• **PROBLEM TO SOLVE**: Take the material below and extract the lines from the one with "KEYECU Замена новый" through the one with "Green Cargo Pant", word for word, without pictures.

• **INPUT DATA**:
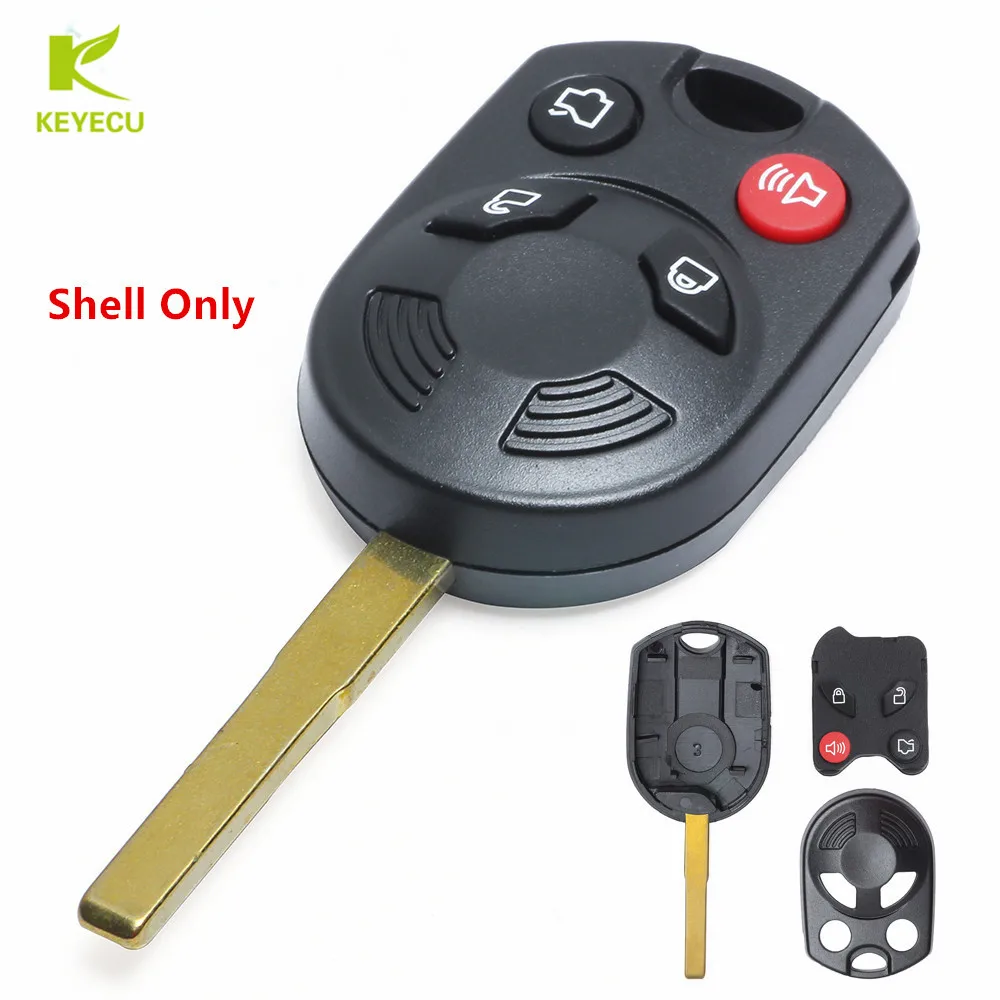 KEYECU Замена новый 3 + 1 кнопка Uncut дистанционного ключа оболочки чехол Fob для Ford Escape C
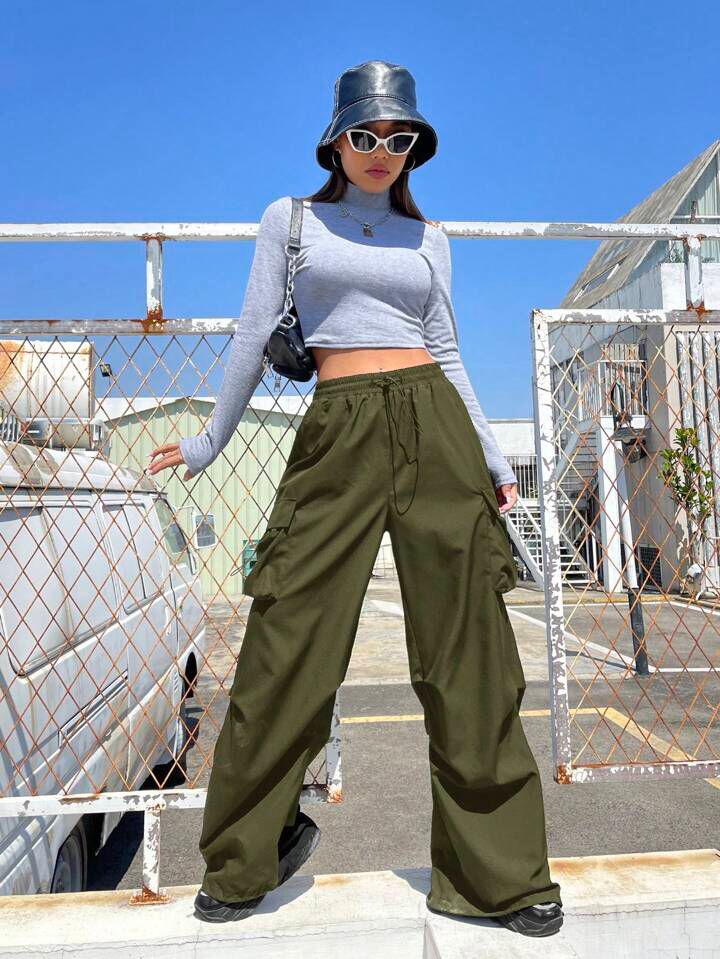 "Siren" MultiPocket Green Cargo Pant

...

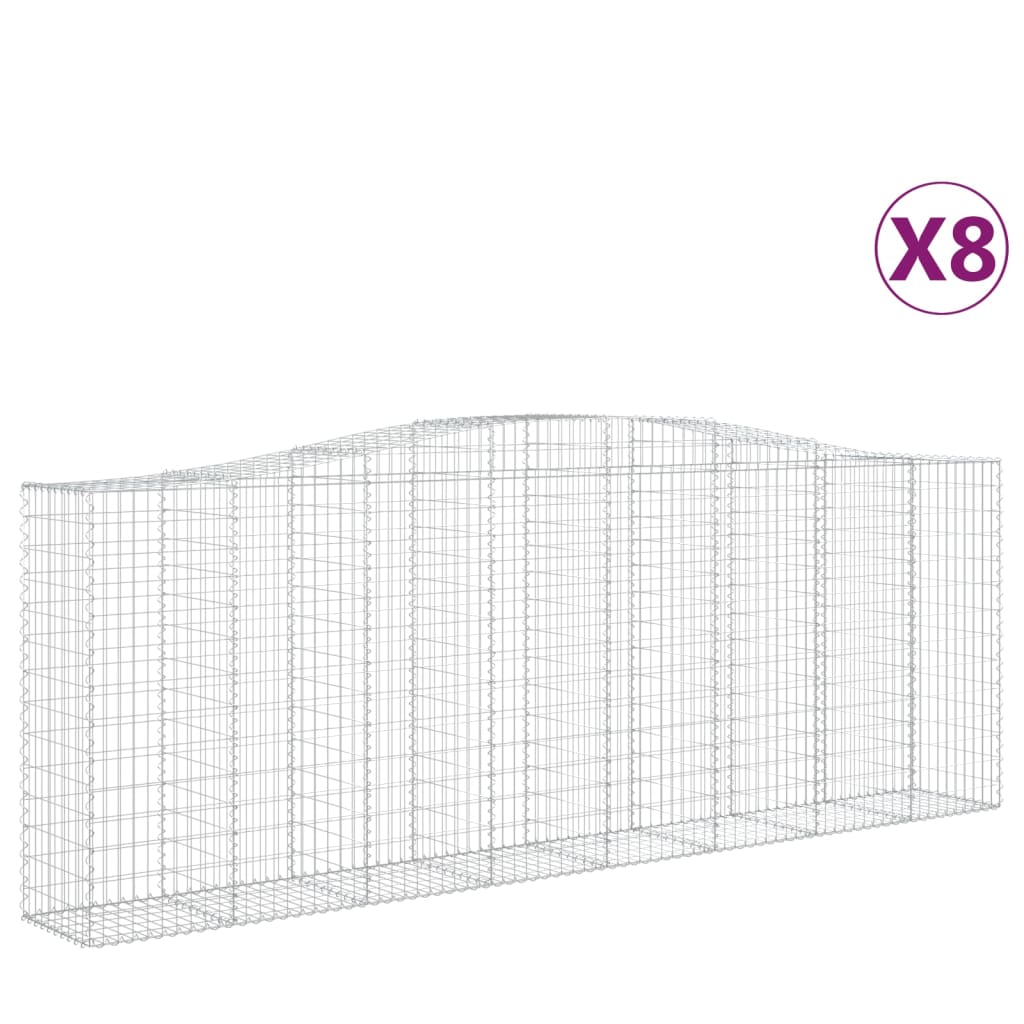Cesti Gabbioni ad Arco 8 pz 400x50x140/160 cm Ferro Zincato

• **ANSWER TO THE EXERCISE**:
 KEYECU Замена новый 3 + 1 кнопка Uncut дистанционного ключа оболочки чехол Fob для Ford Escape C
 "Siren" MultiPocket Green Cargo Pant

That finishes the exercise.